Stringent measures could be implemented by any country, Mr. Petit said. Thailand was a good example; Myanmar had introduced high tobacco taxes; Uruguay and New Zealand had both comprehensive smoke-free laws and high enforcement.
Asked if tobacco companies should be allowed to be part of the Global Compact, Mr. Bettcher said that the organization strongly opposed corporate social responsibility initiatives by the tobacco companies. “There is no way that you can logically argue that a company and a product that is so defective that it kills up to half of its consumers, that somehow you can put a spin on it and that now you can become a touchy-feely kind of good corporate citizen.” The tobacco companies were trying to make up for lost ground concerning their “criminal and deceitful” activities. The organization had placed “a complete firewall” between itself and tobacco companies, with which it had nothing in common.

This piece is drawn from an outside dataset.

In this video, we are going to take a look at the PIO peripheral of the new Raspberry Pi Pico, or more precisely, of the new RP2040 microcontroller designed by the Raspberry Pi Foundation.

To a question about the United Nations smoking policy, he said that, in July 2006, the Economic and Social Council, following up on the recommendations of a report of the Secretary-General, had unanimously adopted a decision to recommend a complete smoking ban at all United Nations premises worldwide. That decision had been forwarded to the General Assembly, where it “sat dormant”. With the presentation of a further report by the Secretary-General, he hoped that that important decision would be re-introduced to the General Assembly again this year.
He added that, in 2003, however, Secretary-General Kofi Annan had issued an administrative order that the United Nations should become completely smoke-free. “As you are aware, there are some enforcement issues here,” he said. But international trends and perceptions had changed since 2003. Some 80 per cent of the world’s population was now party to the Framework Convention on Tobacco Control. Last year, the States parties had recommended, by consensus, that all countries in the world should implement the treaty in such a way that all environments, all public and workplaces should become completely smoke-free, without designated smoking areas. To be consistent, it was time for the United Nations to become completely smoke-free, and that was what he hoped to see.